#### [Directions for this task]
Every line that contains "With" must be located and copied from the data.
□ □ □ □ □ □ □
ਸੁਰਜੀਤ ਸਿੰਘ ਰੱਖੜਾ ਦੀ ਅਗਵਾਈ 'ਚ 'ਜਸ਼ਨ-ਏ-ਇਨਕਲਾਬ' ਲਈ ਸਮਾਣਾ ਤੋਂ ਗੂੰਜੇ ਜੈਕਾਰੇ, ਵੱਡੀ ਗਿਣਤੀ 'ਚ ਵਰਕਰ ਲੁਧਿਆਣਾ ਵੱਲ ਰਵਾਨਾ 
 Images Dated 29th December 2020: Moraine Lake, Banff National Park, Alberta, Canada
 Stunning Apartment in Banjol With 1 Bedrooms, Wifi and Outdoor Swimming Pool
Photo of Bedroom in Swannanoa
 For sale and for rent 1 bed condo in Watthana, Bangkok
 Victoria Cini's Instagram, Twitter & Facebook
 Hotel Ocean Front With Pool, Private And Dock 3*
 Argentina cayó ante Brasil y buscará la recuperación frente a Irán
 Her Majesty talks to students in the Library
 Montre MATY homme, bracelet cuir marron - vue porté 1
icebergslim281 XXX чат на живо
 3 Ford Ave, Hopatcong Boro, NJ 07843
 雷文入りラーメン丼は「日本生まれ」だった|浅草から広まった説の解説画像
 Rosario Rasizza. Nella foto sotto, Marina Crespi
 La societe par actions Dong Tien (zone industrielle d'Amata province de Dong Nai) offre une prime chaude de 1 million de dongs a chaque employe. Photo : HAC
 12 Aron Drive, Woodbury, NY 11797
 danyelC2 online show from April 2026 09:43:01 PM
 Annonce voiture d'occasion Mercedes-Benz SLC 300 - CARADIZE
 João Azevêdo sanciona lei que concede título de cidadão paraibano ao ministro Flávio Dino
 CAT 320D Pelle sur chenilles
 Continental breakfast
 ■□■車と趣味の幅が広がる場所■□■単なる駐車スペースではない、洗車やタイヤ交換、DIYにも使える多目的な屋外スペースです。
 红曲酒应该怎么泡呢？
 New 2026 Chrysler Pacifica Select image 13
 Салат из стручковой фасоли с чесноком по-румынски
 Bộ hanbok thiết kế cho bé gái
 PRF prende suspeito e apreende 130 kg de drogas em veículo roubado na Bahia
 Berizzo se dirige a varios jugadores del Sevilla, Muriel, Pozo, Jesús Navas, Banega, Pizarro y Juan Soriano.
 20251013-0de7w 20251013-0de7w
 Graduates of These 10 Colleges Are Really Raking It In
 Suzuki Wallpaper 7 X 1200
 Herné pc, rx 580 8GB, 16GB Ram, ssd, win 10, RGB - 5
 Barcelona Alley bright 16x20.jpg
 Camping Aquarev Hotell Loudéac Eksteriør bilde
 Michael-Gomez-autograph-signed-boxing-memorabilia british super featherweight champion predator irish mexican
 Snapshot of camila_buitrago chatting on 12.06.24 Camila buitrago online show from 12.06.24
□ □ □ □ □ □ □
#### [Solution]
 Stunning Apartment in Banjol With 1 Bedrooms, Wifi and Outdoor Swimming Pool
 Hotel Ocean Front With Pool, Private And Dock 3*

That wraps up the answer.